• Information given:
==========

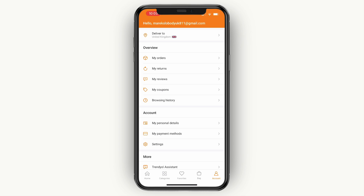Here you will see that for me it says deliver to the United Kingdom, and therefore my language is in English.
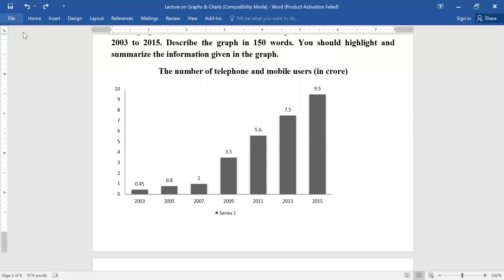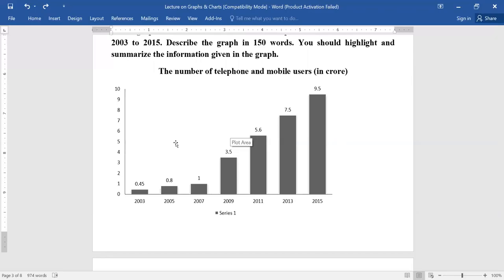From this lecture I can assure you that you will be able to describe a graph in your own way. To sum up, you have to have a clear idea about axis and about trend — if you understand the trend, you will get the overall idea of the graph and be able to delineate its main theme. This will be helpful not only in the exam but also in your real life situations. Thank you very much.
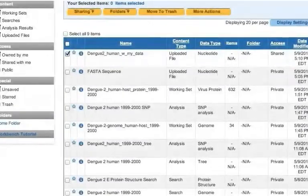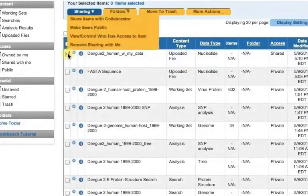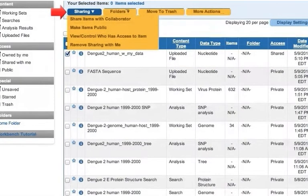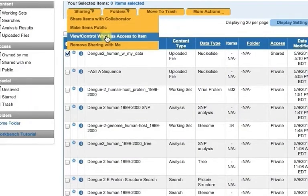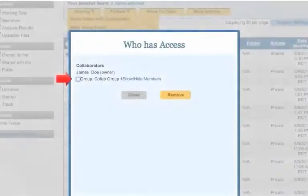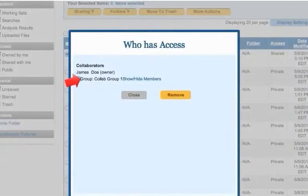If you would like to change who has access to view a previously shared workbench item, mouse over the Sharing button above the main workbench table and click on the View Control who has access to item option. Choose a collaborator that you no longer want to have access and click the Remove button.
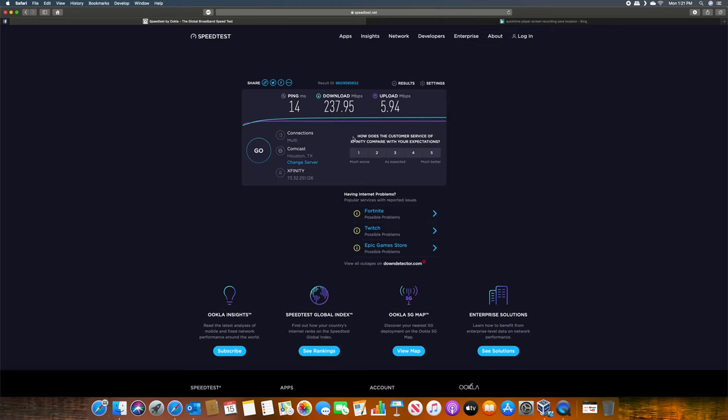Here are the results. That wraps up the speed test.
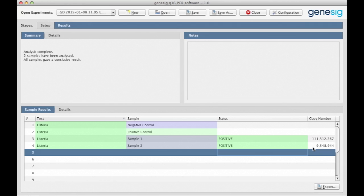The software uses information from the positive control, the negative controls, and the internal extraction control, as well as detecting the presence or absence of the target. This complicated analysis is completely automated for you on the Q16.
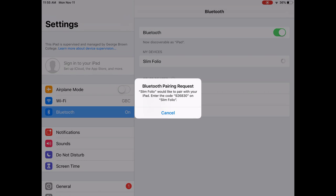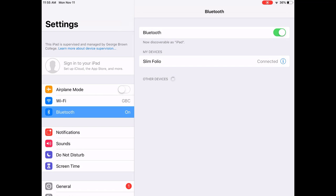You will type in the code and press enter. Then it says connected and your Bluetooth keyboard is ready to use.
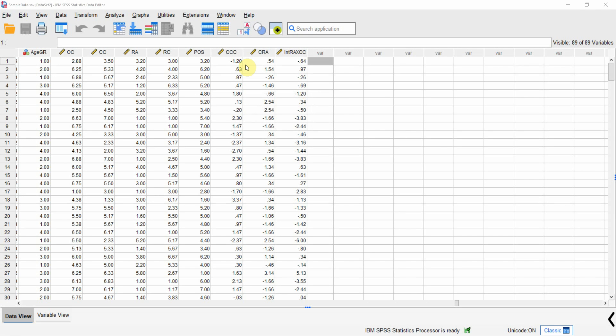In the last session we looked into how to run simple moderation analysis with continuous variables in SPSS. In this session we are going to look into how to report moderation analysis with a slope.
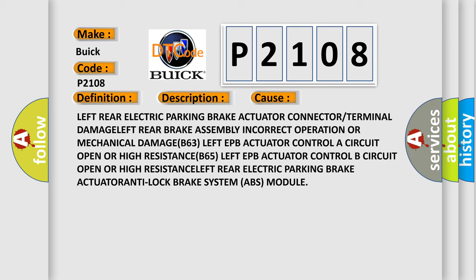Left EPB actuator controller circuit open or high resistance, B65 left EPB actuator control B circuit open or high resistance.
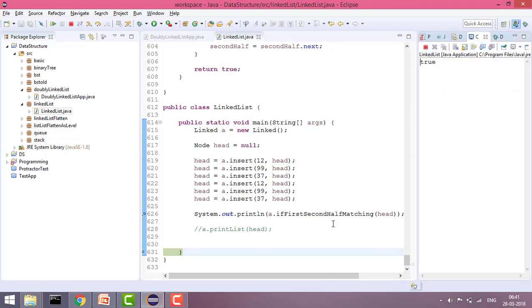That is how we have matched the whole first half and second half of a linked list. The time complexity is O(n) because we are traversing the whole list of n elements. If you have any doubts or found the video helpful, please write in the comment section. If you liked the video please like it and subscribe the channel for more such videos. Thank you.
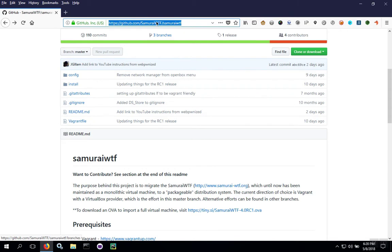Go to github.com to the project site, Samurai WTF. Scroll down just a little bit and down in the readme section, look for the link to download the OVA file. Download this file.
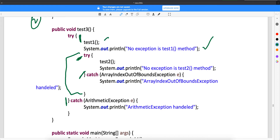But whenever there are any exceptions in the parent try block, it will not go inside the inner catch. It will come out and go to the outer catch block. So whenever there are exceptions in the test1 method, it will directly go to the outer arithmetic exceptions catch block. But whenever there are exceptions in the test2 method, it first goes to the internal catch block, and only if the type doesn't match will it go to the parent catch block.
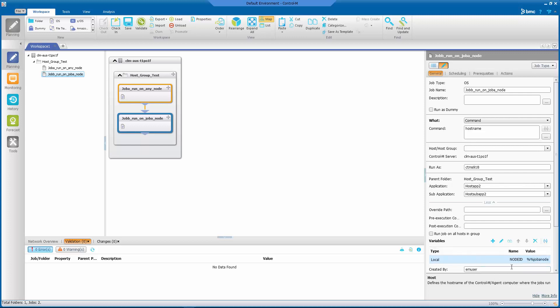And why did we set the variable node ID to %%JOBA_NODE? That's because the variable node ID mandates Control-M to submit the job into whatever the node ID variable is set to.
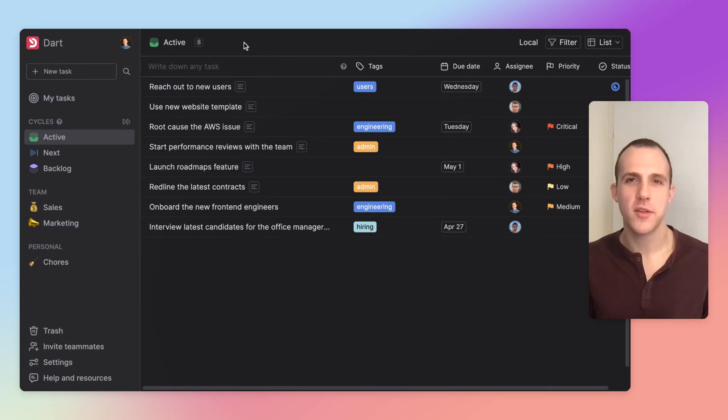Dart is project management on autopilot, crafted to save you time at work. The interesting thing about it is that it uses GPT-4 to learn your team's patterns and then save time by automating away a lot of your mundane work. Let's jump right into a demo.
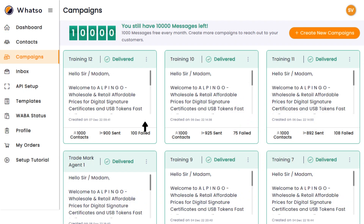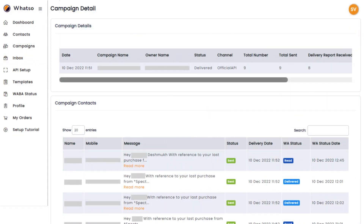You can see the results in the Campaign Report section of the Whatso dashboard. Once your campaign is delivered, click on a campaign card to see all the juicy details of that specific campaign. On the Campaign Detail Report, you'll be able to see all sorts of data about your campaign: total number of messages sent, delivered, and read. This is where you can track the success of your campaign and see how it's performing.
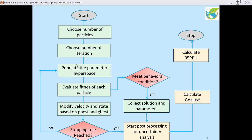When you calculate your objective function, you test whether the behavioral condition you have set is met. If that condition is met, that parameter set is collected as part of your behavioral solutions. At the end you start post-processing: you calculate the goal values and the 95 PPU, which is the uncertainty part added to PSO. PSO is actually an optimization method that finds the best optimum values.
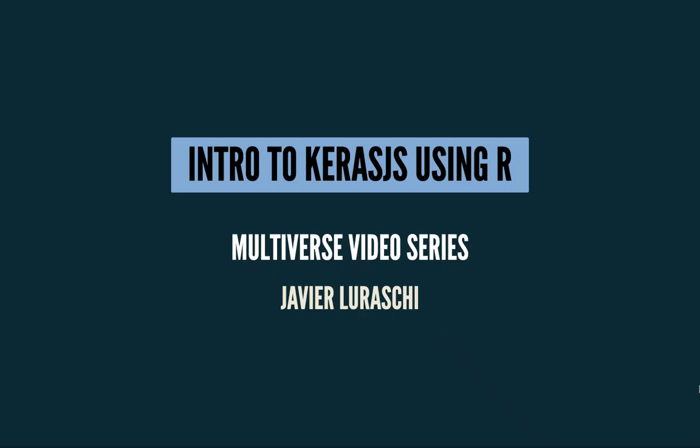Welcome to a new episode in the Multiverse video series. Today we're going to be learning about Keras.js or Keras for JavaScript.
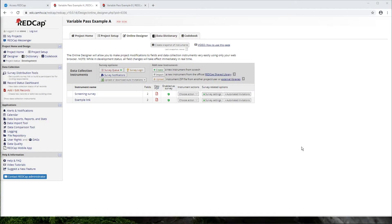Hello there, REDCap friends. So in this video, we're going to be going through what is a fairly common request that we get, and that's how to collect PHI in REDCap.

==========

• The problem: Each record must appear again exactly as written above, without its pictures.

• Your response:
Here you will see that for me it says deliver to the United Kingdom, and therefore my language is in English.
From this lecture I can assure you that you will be able to describe a graph in your own way. To sum up, you have to have a clear idea about axis and about trend — if you understand the trend, you will get the overall idea of the graph and be able to delineate its main theme. This will be helpful not only in the exam but also in your real life situations. Thank you very much.
If you would like to change who has access to view a previously shared workbench item, mouse over the Sharing button above the main workbench table and click on the View Control who has access to item option. Choose a collaborator that you no longer want to have access and click the Remove button.
Here are the results. That wraps up the speed test.
The software uses information from the positive control, the negative controls, and the internal extraction control, as well as detecting the presence or absence of the target. This complicated analysis is completely automated for you on the Q16.
You will type in the code and press enter. Then it says connected and your Bluetooth keyboard is ready to use.
In the last session we looked into how to run simple moderation analysis with continuous variables in SPSS. In this session we are going to look into how to report moderation analysis with a slope.
Left EPB actuator controller circuit open or high resistance, B65 left EPB actuator control B circuit open or high resistance.
That is how we have matched the whole first half and second half of a linked list. The time complexity is O(n) because we are traversing the whole list of n elements. If you have any doubts or found the video helpful, please write in the comment section. If you liked the video please like it and subscribe the channel for more such videos. Thank you.
Go to github.com to the project site, Samurai WTF. Scroll down just a little bit and down in the readme section, look for the link to download the OVA file. Download this file.
But whenever there are any exceptions in the parent try block, it will not go inside the inner catch. It will come out and go to the outer catch block. So whenever there are exceptions in the test1 method, it will directly go to the outer arithmetic exceptions catch block. But whenever there are exceptions in the test2 method, it first goes to the internal catch block, and only if the type doesn't match will it go to the parent catch block.
And why did we set the variable node ID to %%JOBA_NODE? That's because the variable node ID mandates Control-M to submit the job into whatever the node ID variable is set to.
Dart is project management on autopilot, crafted to save you time at work. The interesting thing about it is that it uses GPT-4 to learn your team's patterns and then save time by automating away a lot of your mundane work. Let's jump right into a demo.
You can see the results in the Campaign Report section of the Whatso dashboard. Once your campaign is delivered, click on a campaign card to see all the juicy details of that specific campaign. On the Campaign Detail Report, you'll be able to see all sorts of data about your campaign: total number of messages sent, delivered, and read. This is where you can track the success of your campaign and see how it's performing.
When you calculate your objective function, you test whether the behavioral condition you have set is met. If that condition is met, that parameter set is collected as part of your behavioral solutions. At the end you start post-processing: you calculate the goal values and the 95 PPU, which is the uncertainty part added to PSO. PSO is actually an optimization method that finds the best optimum values.
Welcome to a new episode in the Multiverse video series. Today we're going to be learning about Keras.js or Keras for JavaScript.
Hello there, REDCap friends. So in this video, we're going to be going through what is a fairly common request that we get, and that's how to collect PHI in REDCap.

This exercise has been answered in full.